27 Genoemde landvoogden nu voorzagen, ieder gedurende een maand, koning Salomon en allen, die aan de koninklijke tafel aanzaten van het benodigde, en zorgden er voor, dat niets ontbrak.
And those officers provided victual for king Solomon, and for all that came unto king Solomon’s table, every man in his month: they lacked nothing.
28 Het gerst en het stro voor de rij- en wagenpaarden brachten zij, ieder op zijn beurt, naar de plaats, waar het wezen moest.
Barley also and straw for the horses and dromedaries brought they unto the place where [the officers] were, every man according to his charge.
29 Bovendien gaf God aan Salomon een zeer grote wijsheid, scherpzinnigheid en inzicht, zo groot als het zandige strand aan de zee.
And God gave Solomon wisdom and understanding exceeding much, and largeness of heart, even as the sand that [is] on the sea shore.

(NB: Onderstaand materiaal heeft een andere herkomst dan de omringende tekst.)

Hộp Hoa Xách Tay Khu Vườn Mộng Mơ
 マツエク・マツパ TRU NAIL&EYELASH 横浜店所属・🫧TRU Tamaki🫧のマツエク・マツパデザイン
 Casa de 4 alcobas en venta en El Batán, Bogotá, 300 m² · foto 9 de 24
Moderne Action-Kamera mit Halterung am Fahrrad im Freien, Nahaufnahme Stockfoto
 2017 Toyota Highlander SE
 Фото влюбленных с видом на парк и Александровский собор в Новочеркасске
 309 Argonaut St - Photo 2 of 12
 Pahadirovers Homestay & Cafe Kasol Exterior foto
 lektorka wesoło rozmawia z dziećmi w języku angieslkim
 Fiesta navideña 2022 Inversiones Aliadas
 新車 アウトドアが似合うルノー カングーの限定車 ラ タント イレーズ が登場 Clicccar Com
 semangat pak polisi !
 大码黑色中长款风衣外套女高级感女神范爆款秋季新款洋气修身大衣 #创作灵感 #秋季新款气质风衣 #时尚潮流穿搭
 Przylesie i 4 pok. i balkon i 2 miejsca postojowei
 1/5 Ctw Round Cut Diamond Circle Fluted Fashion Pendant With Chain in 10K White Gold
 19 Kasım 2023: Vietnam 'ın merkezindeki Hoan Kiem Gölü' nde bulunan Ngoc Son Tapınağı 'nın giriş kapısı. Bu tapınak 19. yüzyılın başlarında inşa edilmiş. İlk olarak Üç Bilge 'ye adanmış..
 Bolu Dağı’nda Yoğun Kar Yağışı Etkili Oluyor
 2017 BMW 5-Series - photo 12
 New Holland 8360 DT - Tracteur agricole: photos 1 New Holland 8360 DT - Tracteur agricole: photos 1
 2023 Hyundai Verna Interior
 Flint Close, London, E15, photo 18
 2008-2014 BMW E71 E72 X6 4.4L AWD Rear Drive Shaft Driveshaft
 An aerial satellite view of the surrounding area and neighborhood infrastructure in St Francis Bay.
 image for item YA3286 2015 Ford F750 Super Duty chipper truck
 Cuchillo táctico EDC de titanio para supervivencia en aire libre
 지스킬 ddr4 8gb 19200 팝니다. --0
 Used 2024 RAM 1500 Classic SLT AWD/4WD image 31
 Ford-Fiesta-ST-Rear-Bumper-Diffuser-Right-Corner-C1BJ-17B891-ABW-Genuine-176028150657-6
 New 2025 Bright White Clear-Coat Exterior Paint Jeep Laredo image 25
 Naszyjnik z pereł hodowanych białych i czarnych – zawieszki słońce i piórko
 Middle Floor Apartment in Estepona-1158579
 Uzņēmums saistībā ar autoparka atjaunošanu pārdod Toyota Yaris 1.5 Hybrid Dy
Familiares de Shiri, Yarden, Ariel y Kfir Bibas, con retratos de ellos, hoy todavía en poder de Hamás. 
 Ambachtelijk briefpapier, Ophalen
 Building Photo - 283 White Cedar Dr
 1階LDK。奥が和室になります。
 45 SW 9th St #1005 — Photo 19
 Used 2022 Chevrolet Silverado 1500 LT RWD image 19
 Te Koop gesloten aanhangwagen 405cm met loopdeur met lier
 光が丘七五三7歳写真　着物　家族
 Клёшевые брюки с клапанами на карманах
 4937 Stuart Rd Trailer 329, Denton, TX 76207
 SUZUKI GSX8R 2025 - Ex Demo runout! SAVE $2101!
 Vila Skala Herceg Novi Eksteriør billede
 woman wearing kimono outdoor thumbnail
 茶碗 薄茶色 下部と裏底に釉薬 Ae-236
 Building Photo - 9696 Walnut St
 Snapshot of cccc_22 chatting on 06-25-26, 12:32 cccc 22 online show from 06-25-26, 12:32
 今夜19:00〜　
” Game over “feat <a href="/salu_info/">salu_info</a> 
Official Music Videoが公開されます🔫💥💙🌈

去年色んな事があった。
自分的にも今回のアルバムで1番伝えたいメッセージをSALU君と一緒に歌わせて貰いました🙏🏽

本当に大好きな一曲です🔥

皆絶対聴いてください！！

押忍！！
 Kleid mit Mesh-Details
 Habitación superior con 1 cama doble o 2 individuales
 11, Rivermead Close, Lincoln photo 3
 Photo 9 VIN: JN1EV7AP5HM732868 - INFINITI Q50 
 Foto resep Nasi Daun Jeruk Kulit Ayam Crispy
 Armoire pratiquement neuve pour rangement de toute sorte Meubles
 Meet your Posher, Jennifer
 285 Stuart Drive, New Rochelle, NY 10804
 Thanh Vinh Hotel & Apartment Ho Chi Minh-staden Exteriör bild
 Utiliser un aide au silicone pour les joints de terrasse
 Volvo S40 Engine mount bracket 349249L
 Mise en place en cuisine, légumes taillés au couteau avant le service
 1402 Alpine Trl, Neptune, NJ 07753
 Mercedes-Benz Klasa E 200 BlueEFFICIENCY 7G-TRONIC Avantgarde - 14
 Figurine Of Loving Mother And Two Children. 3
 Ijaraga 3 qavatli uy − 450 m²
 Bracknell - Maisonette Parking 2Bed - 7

30 De wijsheid van Salomon was groter dan die van alle Oosterlingen en alle Egyptenaren.
And Solomon’s wisdom excelled the wisdom of all the children of the east country, and all the wisdom of Egypt.
31 Hij was wijzer dan alle mensen, wijzer zelfs dan Etan, de Ezrachiet, en dan Heman, Kalkol en Darda, de zonen van Machol, zodat hij beroemd was bij alle volkeren in het rond.
For he was wiser than all men; than Ethan the Ezrahite, and Heman, and Chalcol, and Darda, the sons of Mahol: and his fame was in all nations round about.
32 Salomon dichtte drieduizend spreuken en schreef vijfduizend liederen.
And he spake three thousand proverbs: and his songs were a thousand and five.
33 Hij sprak over alle boomsoorten, van de ceder op de Libanon tot de hysop, die uit de muren schiet; ook over viervoeters, vogels, kruipende dieren en vissen.
And he spake of trees, from the cedar tree that [is] in Lebanon even unto the hyssop that springeth out of the wall: he spake also of beasts, and of fowl, and of creeping things, and of fishes.
34 Van alle volkeren stroomde men dan ook toe, om naar Salomons wijsheid te luisteren en hij ontving geschenken van alle koningen der aarde, die van zijn wijsheid hadden gehoord.
And there came of all people to hear the wisdom of Solomon, from all kings of the earth, which had heard of his wisdom.